Your output must be the line containing "and notification systems" followed by every later line in the entries below, all copied exactly.
*** SUPPLIED DATA ***
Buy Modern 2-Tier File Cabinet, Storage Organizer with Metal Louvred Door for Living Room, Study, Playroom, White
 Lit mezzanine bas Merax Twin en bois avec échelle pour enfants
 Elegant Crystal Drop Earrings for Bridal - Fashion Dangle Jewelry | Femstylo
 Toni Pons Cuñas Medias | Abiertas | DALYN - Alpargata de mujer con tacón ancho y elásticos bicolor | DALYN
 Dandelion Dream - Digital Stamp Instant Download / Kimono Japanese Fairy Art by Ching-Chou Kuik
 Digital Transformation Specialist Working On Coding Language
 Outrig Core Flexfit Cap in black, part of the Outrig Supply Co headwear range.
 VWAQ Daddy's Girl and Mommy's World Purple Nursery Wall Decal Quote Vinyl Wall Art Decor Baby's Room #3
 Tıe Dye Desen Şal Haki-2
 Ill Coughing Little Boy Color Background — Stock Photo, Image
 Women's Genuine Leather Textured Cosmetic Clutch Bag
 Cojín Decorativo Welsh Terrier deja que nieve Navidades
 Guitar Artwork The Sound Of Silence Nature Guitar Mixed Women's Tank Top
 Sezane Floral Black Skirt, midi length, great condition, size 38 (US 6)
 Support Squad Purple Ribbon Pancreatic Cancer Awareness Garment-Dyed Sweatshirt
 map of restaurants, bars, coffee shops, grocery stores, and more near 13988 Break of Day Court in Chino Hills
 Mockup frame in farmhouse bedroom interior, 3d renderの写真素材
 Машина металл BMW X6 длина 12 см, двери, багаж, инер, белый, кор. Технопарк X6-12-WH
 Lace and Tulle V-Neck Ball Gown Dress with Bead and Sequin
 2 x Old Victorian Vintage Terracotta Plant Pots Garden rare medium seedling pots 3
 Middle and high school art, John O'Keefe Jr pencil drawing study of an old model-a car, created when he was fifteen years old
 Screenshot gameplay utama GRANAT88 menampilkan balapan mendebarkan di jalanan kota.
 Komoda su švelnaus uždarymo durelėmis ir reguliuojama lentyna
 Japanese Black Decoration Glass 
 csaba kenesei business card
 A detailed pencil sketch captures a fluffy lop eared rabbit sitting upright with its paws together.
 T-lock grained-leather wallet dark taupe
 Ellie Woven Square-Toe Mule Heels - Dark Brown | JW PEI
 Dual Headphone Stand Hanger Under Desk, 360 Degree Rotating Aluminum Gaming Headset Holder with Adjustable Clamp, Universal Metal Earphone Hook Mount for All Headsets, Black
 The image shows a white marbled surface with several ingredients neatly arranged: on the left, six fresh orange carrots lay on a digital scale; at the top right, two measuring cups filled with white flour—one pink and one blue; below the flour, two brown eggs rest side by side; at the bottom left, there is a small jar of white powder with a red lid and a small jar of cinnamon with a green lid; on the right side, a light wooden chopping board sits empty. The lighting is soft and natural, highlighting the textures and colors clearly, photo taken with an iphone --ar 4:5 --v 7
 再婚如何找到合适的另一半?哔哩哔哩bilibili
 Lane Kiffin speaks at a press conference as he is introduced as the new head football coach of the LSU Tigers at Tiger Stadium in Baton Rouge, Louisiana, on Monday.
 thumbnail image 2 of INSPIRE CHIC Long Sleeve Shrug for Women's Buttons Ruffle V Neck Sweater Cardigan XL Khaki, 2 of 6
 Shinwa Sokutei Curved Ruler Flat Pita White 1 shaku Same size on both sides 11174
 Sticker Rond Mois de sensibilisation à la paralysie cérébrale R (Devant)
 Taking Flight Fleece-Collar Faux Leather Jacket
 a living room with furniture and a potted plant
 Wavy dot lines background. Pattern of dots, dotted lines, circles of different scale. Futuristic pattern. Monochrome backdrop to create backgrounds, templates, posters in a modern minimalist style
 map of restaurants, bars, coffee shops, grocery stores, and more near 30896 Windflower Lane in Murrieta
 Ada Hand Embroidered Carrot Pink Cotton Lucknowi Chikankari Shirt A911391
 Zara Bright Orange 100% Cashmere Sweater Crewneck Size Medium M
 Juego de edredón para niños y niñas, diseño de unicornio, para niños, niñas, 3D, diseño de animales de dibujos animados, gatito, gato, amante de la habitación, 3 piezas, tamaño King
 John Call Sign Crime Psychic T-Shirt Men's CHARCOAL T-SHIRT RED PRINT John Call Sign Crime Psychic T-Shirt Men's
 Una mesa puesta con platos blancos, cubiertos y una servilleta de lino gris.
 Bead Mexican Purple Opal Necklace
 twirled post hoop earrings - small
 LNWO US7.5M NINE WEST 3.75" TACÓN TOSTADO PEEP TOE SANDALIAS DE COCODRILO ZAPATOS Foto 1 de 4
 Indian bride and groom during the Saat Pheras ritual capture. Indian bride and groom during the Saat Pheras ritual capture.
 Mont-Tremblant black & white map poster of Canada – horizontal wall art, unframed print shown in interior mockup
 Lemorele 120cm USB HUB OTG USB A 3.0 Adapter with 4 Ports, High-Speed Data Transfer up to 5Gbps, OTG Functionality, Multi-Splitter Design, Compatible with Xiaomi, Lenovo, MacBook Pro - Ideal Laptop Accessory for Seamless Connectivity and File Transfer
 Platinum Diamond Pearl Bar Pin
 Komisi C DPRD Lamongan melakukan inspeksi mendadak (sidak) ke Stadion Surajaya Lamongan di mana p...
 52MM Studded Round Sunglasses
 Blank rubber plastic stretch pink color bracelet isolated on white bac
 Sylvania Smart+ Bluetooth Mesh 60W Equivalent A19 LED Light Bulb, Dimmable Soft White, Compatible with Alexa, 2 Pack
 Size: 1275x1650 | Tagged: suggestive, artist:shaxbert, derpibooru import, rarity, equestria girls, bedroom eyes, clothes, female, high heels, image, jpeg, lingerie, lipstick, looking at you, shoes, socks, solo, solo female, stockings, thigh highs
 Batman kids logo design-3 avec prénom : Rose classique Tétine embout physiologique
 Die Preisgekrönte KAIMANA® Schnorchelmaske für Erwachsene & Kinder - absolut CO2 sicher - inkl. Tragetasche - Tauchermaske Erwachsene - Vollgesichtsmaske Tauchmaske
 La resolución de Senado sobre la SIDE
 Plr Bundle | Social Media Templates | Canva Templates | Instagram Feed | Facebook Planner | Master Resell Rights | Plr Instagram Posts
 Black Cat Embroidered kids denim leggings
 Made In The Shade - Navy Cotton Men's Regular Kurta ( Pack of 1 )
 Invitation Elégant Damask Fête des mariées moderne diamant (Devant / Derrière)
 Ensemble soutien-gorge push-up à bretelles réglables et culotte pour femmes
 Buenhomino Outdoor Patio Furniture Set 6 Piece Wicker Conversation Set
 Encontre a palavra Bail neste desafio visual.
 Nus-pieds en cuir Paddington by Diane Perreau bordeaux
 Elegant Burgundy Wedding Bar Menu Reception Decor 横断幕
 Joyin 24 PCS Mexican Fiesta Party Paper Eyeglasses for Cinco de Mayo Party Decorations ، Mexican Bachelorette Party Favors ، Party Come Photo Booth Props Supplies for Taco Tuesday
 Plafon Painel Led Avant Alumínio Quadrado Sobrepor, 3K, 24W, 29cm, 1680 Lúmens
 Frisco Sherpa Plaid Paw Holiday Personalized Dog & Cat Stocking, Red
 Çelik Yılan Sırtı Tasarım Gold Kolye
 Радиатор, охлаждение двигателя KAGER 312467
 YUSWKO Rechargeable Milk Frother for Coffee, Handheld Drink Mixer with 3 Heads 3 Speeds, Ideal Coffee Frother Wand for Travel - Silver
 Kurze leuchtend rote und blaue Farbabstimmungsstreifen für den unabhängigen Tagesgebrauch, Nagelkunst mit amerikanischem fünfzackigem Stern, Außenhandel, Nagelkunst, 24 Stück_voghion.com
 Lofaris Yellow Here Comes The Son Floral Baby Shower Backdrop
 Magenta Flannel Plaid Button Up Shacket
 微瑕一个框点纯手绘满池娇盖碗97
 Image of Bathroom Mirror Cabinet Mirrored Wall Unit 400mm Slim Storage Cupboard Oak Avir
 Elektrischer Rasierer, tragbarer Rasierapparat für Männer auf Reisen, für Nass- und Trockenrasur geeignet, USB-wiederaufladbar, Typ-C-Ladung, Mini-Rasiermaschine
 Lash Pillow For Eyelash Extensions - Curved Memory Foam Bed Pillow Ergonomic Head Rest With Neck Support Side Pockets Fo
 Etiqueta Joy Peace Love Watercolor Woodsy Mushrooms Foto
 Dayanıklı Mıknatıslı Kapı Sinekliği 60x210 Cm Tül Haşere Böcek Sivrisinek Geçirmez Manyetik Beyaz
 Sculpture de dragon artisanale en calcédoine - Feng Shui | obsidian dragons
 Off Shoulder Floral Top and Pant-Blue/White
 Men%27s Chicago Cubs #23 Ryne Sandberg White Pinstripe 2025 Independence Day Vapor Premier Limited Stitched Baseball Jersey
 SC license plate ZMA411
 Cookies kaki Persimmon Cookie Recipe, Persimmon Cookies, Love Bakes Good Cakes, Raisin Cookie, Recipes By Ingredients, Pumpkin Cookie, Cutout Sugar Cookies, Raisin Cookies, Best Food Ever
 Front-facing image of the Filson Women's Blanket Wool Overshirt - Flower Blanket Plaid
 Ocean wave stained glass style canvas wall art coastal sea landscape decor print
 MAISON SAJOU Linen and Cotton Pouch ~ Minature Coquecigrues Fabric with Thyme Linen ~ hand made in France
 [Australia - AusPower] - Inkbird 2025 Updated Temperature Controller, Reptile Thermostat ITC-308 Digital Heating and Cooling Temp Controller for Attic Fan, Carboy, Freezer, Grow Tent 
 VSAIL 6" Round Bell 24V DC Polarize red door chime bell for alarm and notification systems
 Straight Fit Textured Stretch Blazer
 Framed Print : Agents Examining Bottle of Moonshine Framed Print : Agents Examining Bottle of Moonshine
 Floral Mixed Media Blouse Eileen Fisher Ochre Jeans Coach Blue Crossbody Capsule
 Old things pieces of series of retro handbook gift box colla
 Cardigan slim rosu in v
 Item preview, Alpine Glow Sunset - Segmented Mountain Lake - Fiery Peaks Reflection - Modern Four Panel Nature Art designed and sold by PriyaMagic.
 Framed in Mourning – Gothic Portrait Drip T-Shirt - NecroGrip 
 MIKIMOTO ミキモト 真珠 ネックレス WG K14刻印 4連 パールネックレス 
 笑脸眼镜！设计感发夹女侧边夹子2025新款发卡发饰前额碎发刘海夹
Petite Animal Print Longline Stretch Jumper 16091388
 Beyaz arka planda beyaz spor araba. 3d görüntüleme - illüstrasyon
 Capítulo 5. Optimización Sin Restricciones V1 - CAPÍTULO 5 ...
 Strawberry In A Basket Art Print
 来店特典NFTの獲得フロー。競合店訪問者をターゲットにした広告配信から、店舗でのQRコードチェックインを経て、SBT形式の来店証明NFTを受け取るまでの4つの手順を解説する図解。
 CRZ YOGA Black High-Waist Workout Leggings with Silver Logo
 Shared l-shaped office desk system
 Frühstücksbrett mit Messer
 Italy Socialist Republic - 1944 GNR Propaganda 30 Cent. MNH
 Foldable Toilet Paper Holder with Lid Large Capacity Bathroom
***
__ANSWER TO THIS EXERCISE__
 VSAIL 6" Round Bell 24V DC Polarize red door chime bell for alarm and notification systems
 Straight Fit Textured Stretch Blazer
 Framed Print : Agents Examining Bottle of Moonshine Framed Print : Agents Examining Bottle of Moonshine
 Floral Mixed Media Blouse Eileen Fisher Ochre Jeans Coach Blue Crossbody Capsule
 Old things pieces of series of retro handbook gift box colla
 Cardigan slim rosu in v
 Item preview, Alpine Glow Sunset - Segmented Mountain Lake - Fiery Peaks Reflection - Modern Four Panel Nature Art designed and sold by PriyaMagic.
 Framed in Mourning – Gothic Portrait Drip T-Shirt - NecroGrip 
 MIKIMOTO ミキモト 真珠 ネックレス WG K14刻印 4連 パールネックレス 
 笑脸眼镜！设计感发夹女侧边夹子2025新款发卡发饰前额碎发刘海夹
Petite Animal Print Longline Stretch Jumper 16091388
 Beyaz arka planda beyaz spor araba. 3d görüntüleme - illüstrasyon
 Capítulo 5. Optimización Sin Restricciones V1 - CAPÍTULO 5 ...
 Strawberry In A Basket Art Print
 来店特典NFTの獲得フロー。競合店訪問者をターゲットにした広告配信から、店舗でのQRコードチェックインを経て、SBT形式の来店証明NFTを受け取るまでの4つの手順を解説する図解。
 CRZ YOGA Black High-Waist Workout Leggings with Silver Logo
 Shared l-shaped office desk system
 Frühstücksbrett mit Messer
 Italy Socialist Republic - 1944 GNR Propaganda 30 Cent. MNH
 Foldable Toilet Paper Holder with Lid Large Capacity Bathroom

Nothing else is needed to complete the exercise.